A set of \(2 N+1\) rods consists of one of each integer length \(1,2, \ldots, 2 N, 2 N+1\) Three, of lengths \(a, b\) and \(c\), are selected, of which \(a\) is the longest. By considering the possible values of \(b\) and \(c\), determine the number of ways in which a nondegenerate triangle (i.e. one of non-zero area) can be formed (i) if \(a\) is even, and (ii) if \(a\) is odd.
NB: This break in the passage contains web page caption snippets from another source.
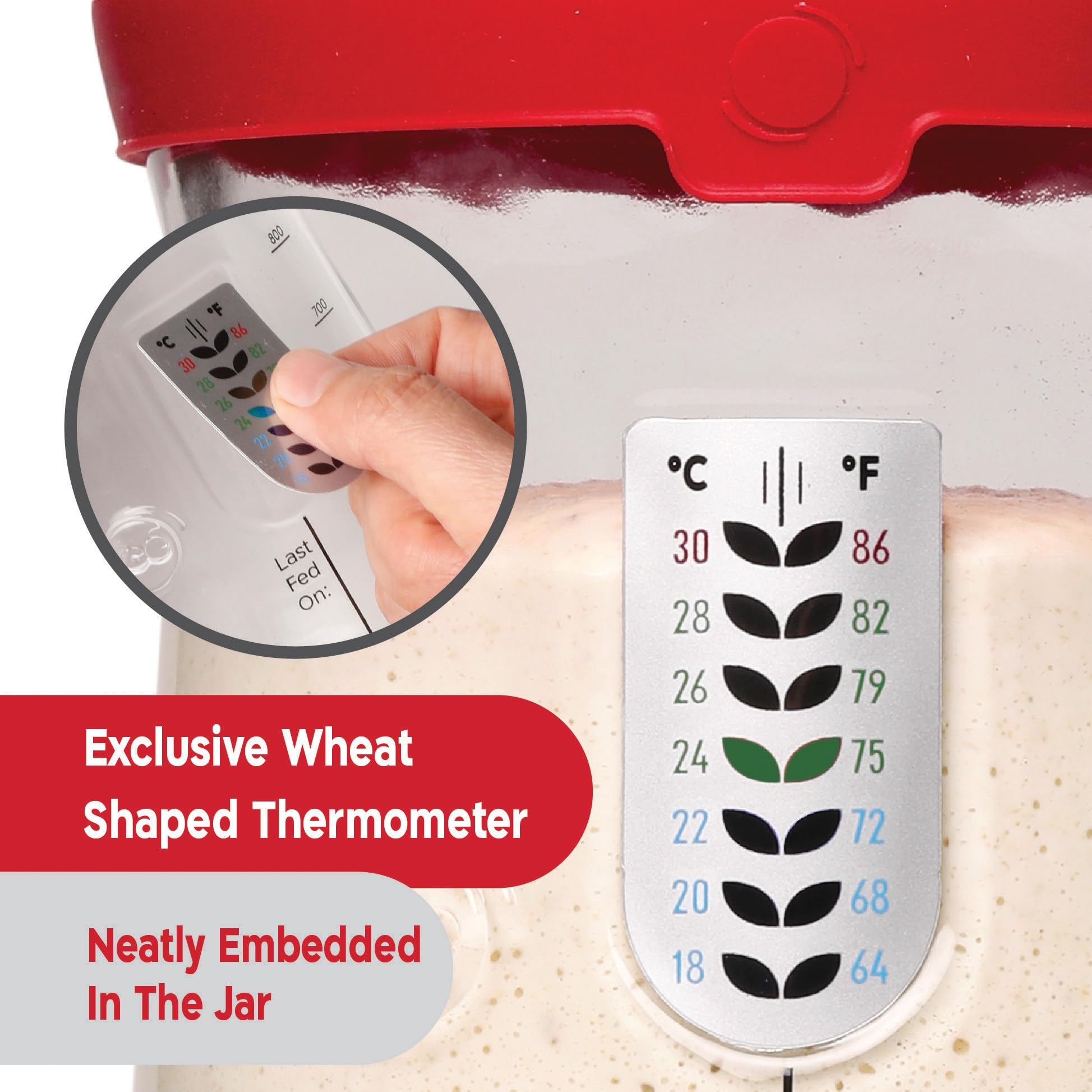 Pro Sourdough Bread Starter Kit - 34oz Large Capacity Jar with 5 Unique Features | Perfect for Homemade Sourdough Bread Baking | Ideal for Beginners & Expert Bakers | Kitchen Baking Supplies for Bread Making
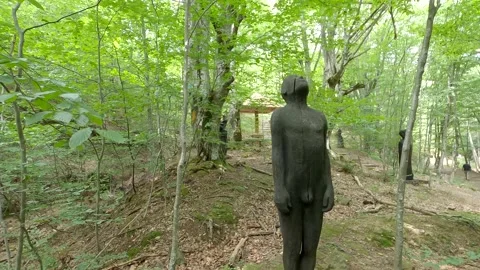 A monument in the woods Stock Footage 139887918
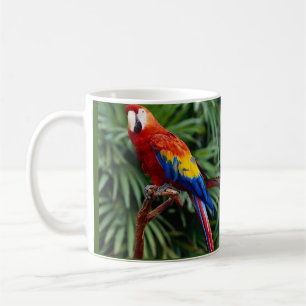 Beautiful Macaw Coffee Mug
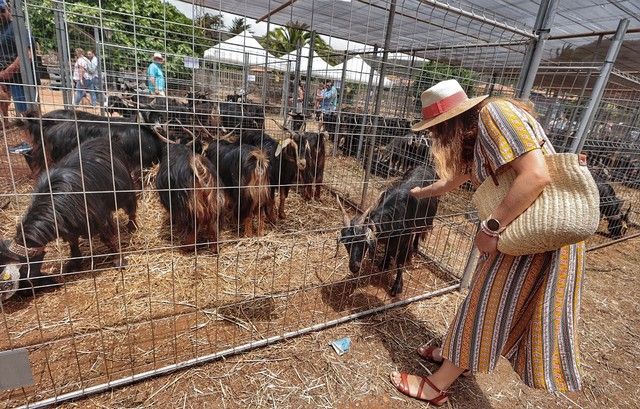 Feria de ganado y procesión por las Fiestas de San Benito en La Laguna, julio 2022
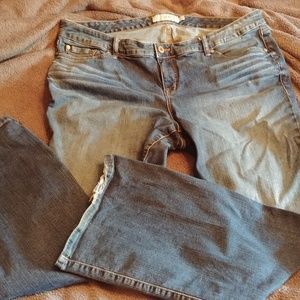 Torrid Jeans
Combine these results appropriately to determine the total number of non-degenerate triangles that can be formed with the \(2 N+1\) rods, and hence show that the probability that such a triangle can be formed from a random selection (without replacement) of three rods is $$ \frac{(N-1)(4 N+1)}{2\left(4 N^{2}-1\right)} $$

A shopper buys 36 items at random in a supermarket where, because of the sales tax imposed, the final digit (the number of pence) in the price is uniformly and randomly distributed from 0 to \(9 .\) Instead of adding up the bill exactly she rounds each item to the nearest 10 pence, rounding up or down with equal probability if the price ends in a ' 5 '. Should she suspect a mistake if the cashier asks her for 23 pence more than she estimated?
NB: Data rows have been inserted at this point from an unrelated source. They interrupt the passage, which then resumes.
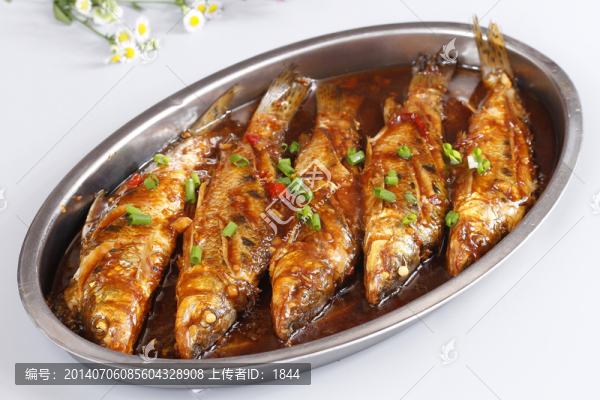 野生石魚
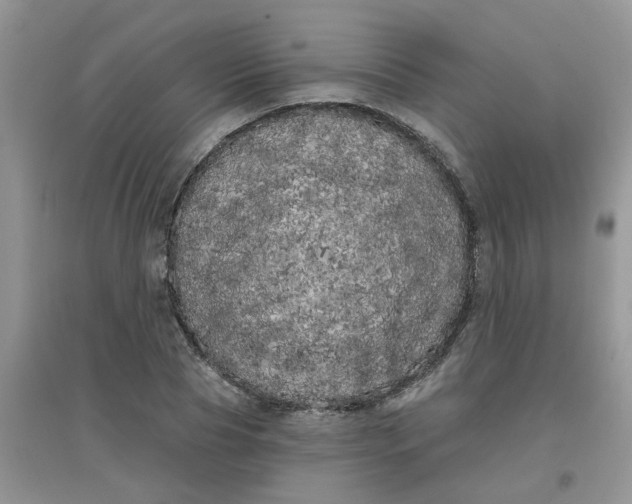 X0000097630929200803142021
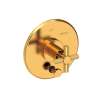 Newport Brass Muncy: Balanced Pressure Tub & Shower Diverter Plate with Handle. Less Showerhead, arm and flange.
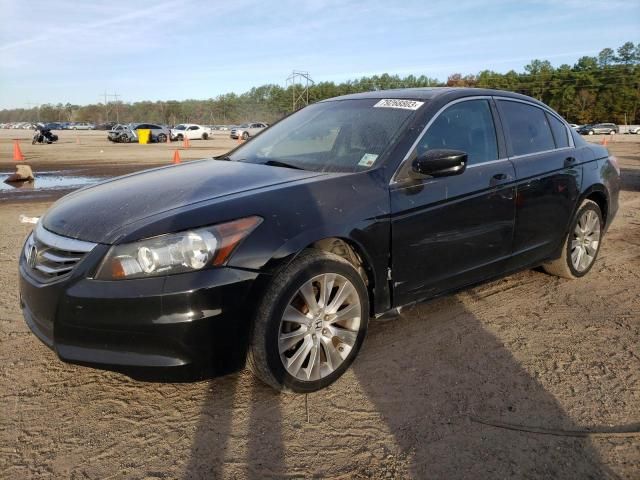 2011 Honda Accord EXL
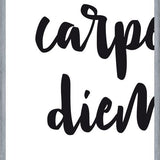 Cuadro Carpe diem quote
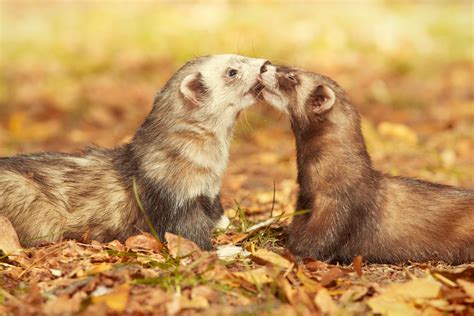 What do Ferrets Eat? A Comprehensive Guide to Feeding Your Pet Ferret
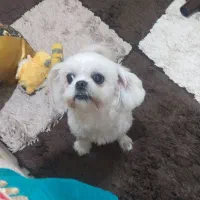 شیتزو فلت اصل مینیاتوری سایز ریز|سگ|پرند, فاز ۳|دیوار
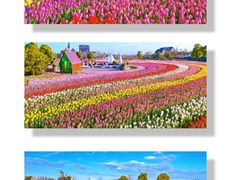 -荷兰花海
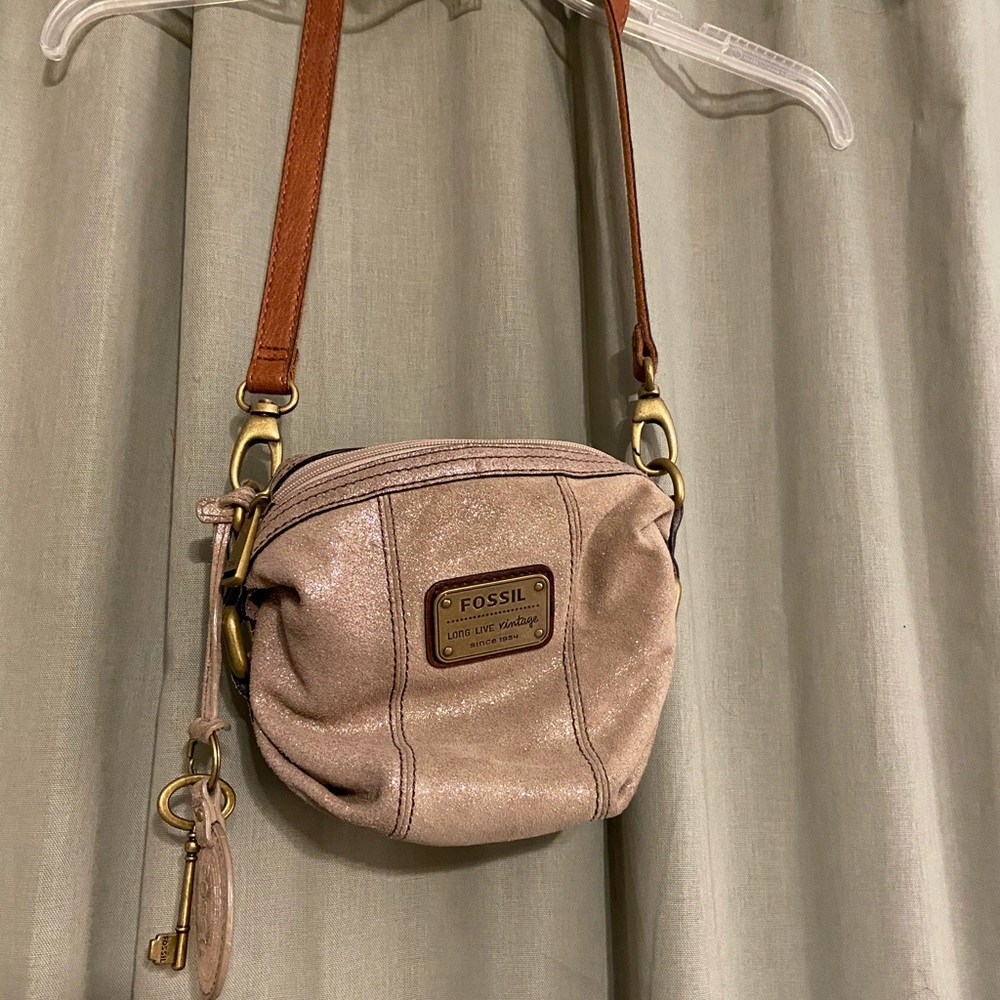 Fossil purse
(a) Gamblers \(A\) and \(B\) each roll a fair six-faced die, and \(B\) wins if his score is strictly greater than \(A\) 's. Show that the odds are 7 to 5 in \(A\) 's favour. (b) Calculate the probabilities of scoring a total \(T\) from two rolls of a fair die for \(T=2,3, \ldots, 12 .\) Gamblers \(C\) and \(D\) each roll a fair die twice and score respective totals \(T_{C}\) and \(T_{D}, D\) winning if \(T_{D}>T_{C} .\) Realising that the odds are not equal, \(D\) insists that \(C\) should increase her stake for each game. \(C\) agrees to stake \(£ 1.10\) per game, as compared to \(D\) 's \(£ 1.00\) stake. Who will show a profit?
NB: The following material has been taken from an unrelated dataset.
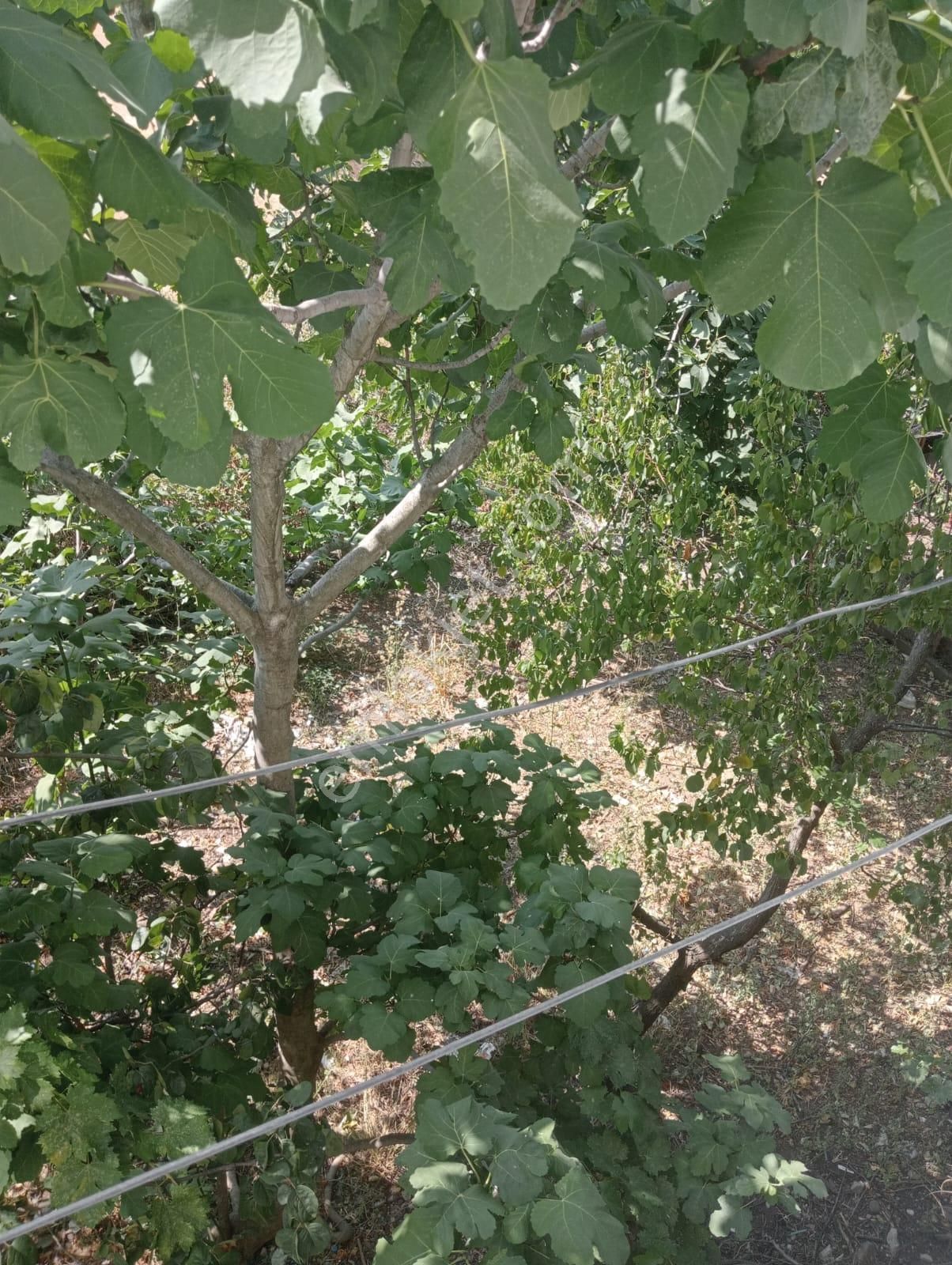 Adalet Gold Group Emlak'tan Satılık Müstakil Daire Ve Arsa Uygun Fiyata 50.yıl'da - Görsel 10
\(26.3 A\) and \(B\) each have two unbiased four-faced dice, the four faces being numbered \(1,2,3,4\). Without looking, \(B\) tries to guess the sum \(x\) of the numbers on the bottom faces of \(A\) 's two dice after they have been thrown onto a table. If the guess is correct \(B\) receives \(x^{2}\) euros, but if not he loses \(x\) euros. Determine \(B\) 's expected gain per throw of \(A\) 's dice when he adopts each of the following strategies: (a) he selects \(x\) at random in the range \(2 \leq x \leq 8\); (b) he throws his own two dice and guesses \(x\) to be whatever they indicate; (c) he takes your advice and always chooses the same value for \(x\). Which number would you advise? 26.4 Use the method of induction to prove equation (26.16), the probability addition law for the union of \(n\) general events.

For a non-negative integer random variable \(X\), in addition to the probability generating function \(\Phi_{X}(t)\) defined in equation (26.71) it is possible to define the probability generating function $$ \Psi_{X}(t)=\sum_{n=0}^{\infty} g_{n} t^{n} $$ where \(g_{n}\) is the probability that \(X>n\). (a) Prove that \(\Phi_{X}\) and \(\Psi_{X}\) are related by $$ \Psi_{X}(t)=\frac{1-\Phi_{X}(t)}{1-t} $$ (b) Show that \(E[X]\) is given by \(\Psi_{X}(1)\) and that the variance of \(X\) can be expressed as \(2 \Psi_{X}^{\prime}(1)+\Psi_{X}(1)-\left[\Psi_{X}(1)\right]^{2}\) (c) For a particular random variable \(X\), the probability that \(X>n\) is equal to \(\alpha^{n+1}\) with \(0<\alpha<1\). Use the results in \((\mathrm{b})\) to show that \(V[X]=\alpha(1-\alpha)^{-2}\).